If you’ve not seen it already, we’d highly recommend you take a look at Black Mirror, a series of three dark tales for our time. Written by Charlie Brooker, who wrote among other things Newswipe, Screenwipe, Dead Set and a (usually hilarious) column in the Guardian, Black Mirror highlights some uneasy truths (or potential truths) about current technological and cultural trends. Actually, ‘uneasy’ doesn’t quite do it justice – the ideas and metaphors in Black Mirror are occasionally disgusting and almost always frightening, especially because of how close to home they seem to hit. It’s not always comfortable viewing, but as an honest harbinger of how things might go wrong – and in some cases, already are – there’s not much in current popular culture to touch it.
The National Anthem
The National Anthem sees the country’s Prime Minister being held to ransom through social media and the press – the pressure of juggernauts YouTube, Twitter and the rolling news media forces the PM to carry out an obscene act on live television; failure to do so will result in the murder of a member of the royal family. It’s an effective, if blunt, demonstration of mob rule and the power and influence that the internet and social media can yield in today’s world, even over those who might appear immune from such things.
15 Million Merits
Set in an Orwellian near-future, 15 Million Merits is a satire on the nature of reality TV and shows such as X Factor and Britain’s Got Talent. Required to “cycle” to earn a living (a fairly bald metaphor for the Rat Race), citizens are frequently tempted by the possibility of a new life through a talent show called Hot Shot. After giving over a significant sum of money (merits) for a ticket, performers can sing or dance for a chance to be a star and to escape “the bike”. It’s not a hugely original premise, but the use of lots of ideas from the modern world as we know it (everything from each person having an avatar they can purchase virtual clothes for to notifications that people who liked apples also liked bananas(!)) bring the classic 1984/Brave New World story right into the 21st century.
The Entire History of You
The premise behind The Entire History of You is that one’s memories are stored – permanently – in a small implant behind the ear. Using a small handset and a screen, memories can be scrolled through, catalogued and rewatched in glorious HD. Experiences can be relived and shared, without the hassle and inaccuracies involved in recounting the story from (imperfect) memory.

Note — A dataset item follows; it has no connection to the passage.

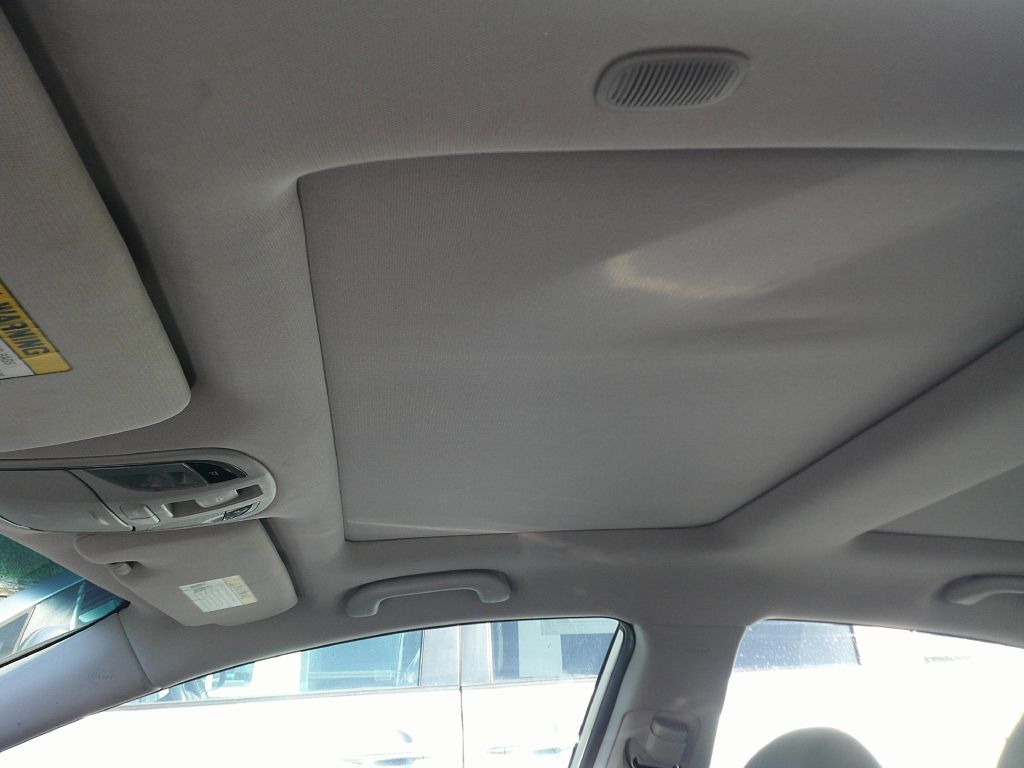 Photo 12 of this HYUNDAI SONATA HYBRID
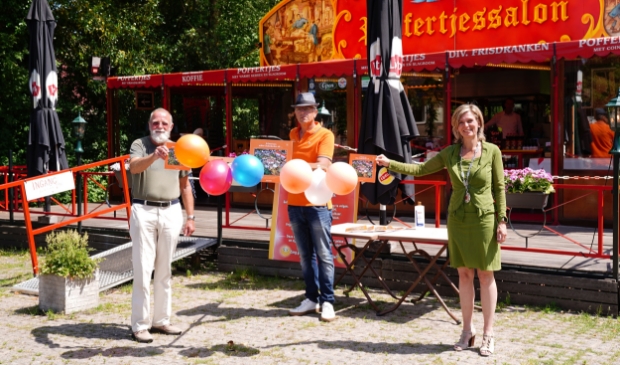 Wijnand Slokker, Dick Backer en burgemeester Joyce Langenacker bij de presentatie van het boekje.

This all seems great, except when the lead character starts to doubt his wife’s fidelity and descends into a pit of obsession, rerunning recorded memories to find the slightest piece of evidence to support his suspicions. It’s not pretty viewing, and although the memory-archiving technology seems unlikely ever to be created for precisely the reasons the story highlights, the metaphor works when applied to the modern tendency to store our lives online – in unchanging, perfectly accurate digital representations (think of the perfectly-preserved Facebook timeline, stretching back… and back… and back…).
All three episodes are available on 4OD, although only for a couple of weeks.